Last week, I had 2 people, within the same hour, reach out to me for divorce advice. One was an old friend of mine from high school. We used to be close, but aren't anymore. The other is one of my bosses. I mean, I feel badly for the guy because I think he just wanted someone to talk to, but it was SUPER awkward.
Post by glitzyglow on Jun 23, 2015 10:44:14 GMT -5
Today is my day off. I am going to head to the gym, come home and start laundry (so fun, lol), and then go read by the pool for a while. Also repaint my nails...super exciting!
I might see if a guy from Tinder wants to get a drink tonight.
jojoandleo - What a tough situation. I would reach out to her and tell her you care about her and want the best for her. Listen to her and IF she asks for advice, definitely give your opinion.
But deep down, she knows she needs help. Hopefully this is her rock bottom and she gets some intensive therapy.
Post by redredwine on Jun 23, 2015 13:07:38 GMT -5
This is the year of expensive things. My car has a very annoying (and potentially unsafe) transmission issue when driving on longer road trips (+ 1 hour or longer in hotter conditions) It's out of warranty, 123k miles and 7 years old, so I'm over it. H would rather just deal with it and have me learn how to drive his car (it's a stick) and switch when needed for solo long trips, but honestly I'm annoyed i"m paying on a car that doesn't work when I need it to. I'm thisclose to buying a new (to me) car, despite H being on the fence.It's a Toyota, so it better be reliable! I plan on keeping for a longggg time so it has some nice "nice to have's" that I'm excited about! I just have to make sure the numbers work.
I rode on a motorcycle for the first time last night! H got a beater Honda that's been a little pet project/hobby for him and we rode it to dinner last night> I liked it more than I thought I would!
I'm SO EXCITED to go on a road trip with @pdx18 this weekend! We're going to road trip to a former SO's nestie's wedding! whoop whoop!

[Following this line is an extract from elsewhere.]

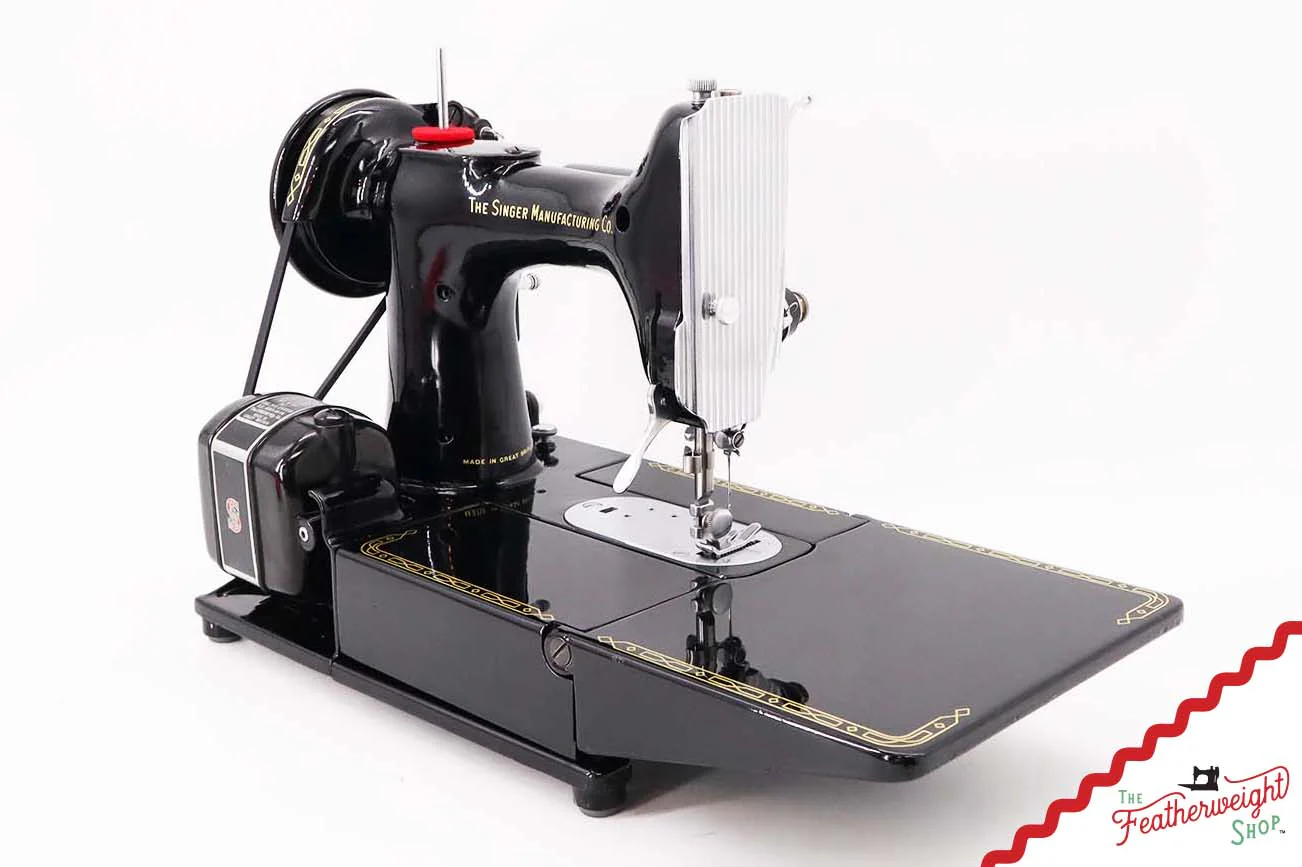 Singer Featherweight 222K Sewing Machine - EK32772*, 1955 - Image 6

Post by redredwine on Jun 23, 2015 13:18:23 GMT -5
OMG. I forgot the most important random! You know my trainwreck sister? She called me last night and she's eloping in out of town in 2 weeks. Here's the catch: It's actually a "secret not secret" elopement as my immediate family, his immediate family and 3 best friends will all be there. Fine, as MY family will be at out of town location for a family reunion (3 days where family from all over flies in) that starts the evening their "eloping". I'm annoyed. If you're going to elope, by all means, go for it. Don't call it an elopement if it's actually just a small intimate last minute wedding and don't do it while my entire family of 65 is there and only a few of us are selected to go. Also, I'm annoyed it's taking a whole night away from family I see once every 3 years at most.
Eye roll. It's also because anything she has done the past year annoys me so there's that.